#OLHOS FAISCANTES, VÓS INDAGAIS..." GRAÇA FONTIS: PINTURA Manoel Ferreira Neto: POEMA



Vós indagais, olhos faiscantes,
Palavras nítidas,
Se as coisas rolam serenas,
Habitando-lhes sentimentos sublimes,
Carinho, ternura, gestos sensíveis,
Aquele desejo de tudo estar bem,
Tudo o que vos habita a alma de vontade
De minha felicidade, alegria, prazer,
O que poderia responder-vos com clareza,
Preenchesse-vos a curiosidade, as expectativas,
Senão que andam "demônios e poeiras"
No bosque, no sertão, no deserto, nas florestas,
Se amplio as dimensões da sensibilidade, do espírito,
Sinto vento sujo soprando,
Estou muito distante, longe da choupana
No mais recôndito da selva,
Onde sonho estar em todos os crepúsculos dos dias
Estar sentado num tronco de árvore,
Perscrutando ao longe a neve que cobre o infinito,
O que faço é trocar os pés, seguindo a rota sinuosa,
De curvas fechadas, densas, propensas à queda de banda,
A choupana está a léguas de mim,
De mim, alhures os seus cômodos, varanda,
O que lhe circunda,
Sonhei estar viajando, observando com atenção aguçada,
O panorama, a natureza, as serras,
Enxerguei uma pequena casinha no fundo do vale,
Ficara para trás de imediato com a velocidade do automóvel,
Estou pelejando com as coisas da vida,
Levando as circunstâncias a bel-prazer dos demônios, poeiras,
Alfim, vós sabeis com primor mister faz-se sobreviver,
Deixar as ilusões, as fantasias no cofre dos outroras, pretéritos,
Sine qua non enxergar a frieza do mundo, a "gelidez" da terra,
Se o que faço para sobreviver, tempos de quimeras
Sejam-me inda concedidos,
Levará minha alma cheia de espírito da existência,
Quero, anseio, aspiro, tenho vontade
De uma conduta, postura, posição justa:
Viva o Sublime, vivencie no intelecto a serenidade do Ser,
Olhando dentro de meu coração
Re-conheço "demônios e poeiras",
Mas encontro vozes dizendo a claras palavras
"O medo de vislumbrá-los, enxergá-los, sabê-los
Pode deixá-lo coberto da neblina da escuridão"

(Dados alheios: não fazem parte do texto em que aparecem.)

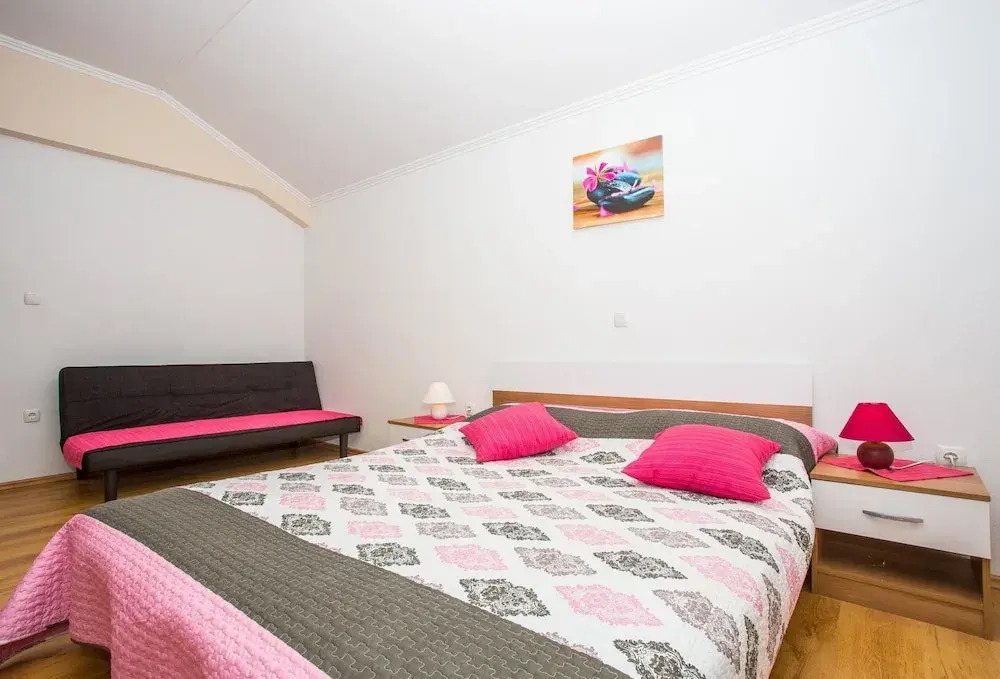 Apartments Vladimir 2835 / One Bedroom A3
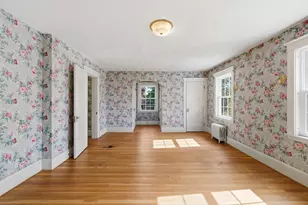 9 Cedar St, Marblehead, MA 01945 - Photo 14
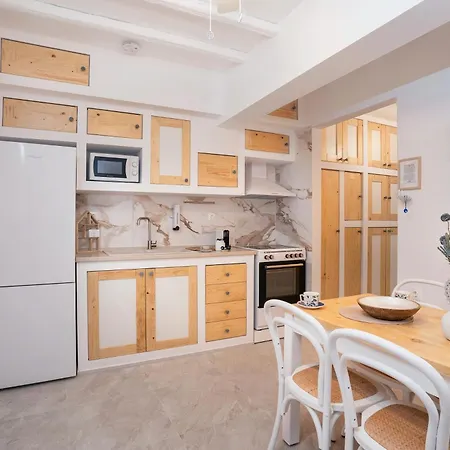 Xenia Apartment *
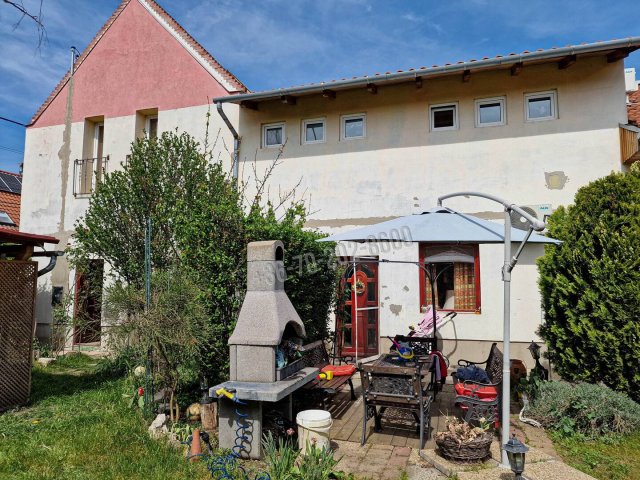 Eladó családi ház, Budapesten, XV. kerületben 119 M Ft, 5 szobás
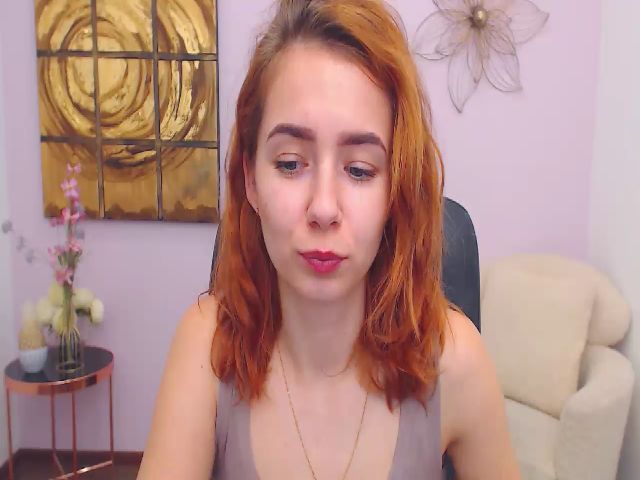 Live sex webcam photo for MircellaGrey #271303649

O medo é coisa perigosa, mui perigosa,
Sinto perfume da natureza subir, subir,
Inalo-o espontâneo e livre,
Se seria ele dos verbos de sonhos,
Não vos sei responder com altivez e perspicácia,
Sei a penas que nos tempos de agora, daqui
A fé contingente, imanente, afastada dos preceitos religiosos,
A minha singular e particular,
Ordena-me a prosseguir as andanças,
Talvez como res-posta as indagações da morte, esquecimento,
Demônios e poeiras
Sopra-lhes o vento dos instantes-limites,
Absurdos,
Interditos,
Inauditos,
E olho nos olhos da ampulheta das travessias
E nas suas retinas, pupilas
Vejo a alma cheia de liberdade a ser posta em questão...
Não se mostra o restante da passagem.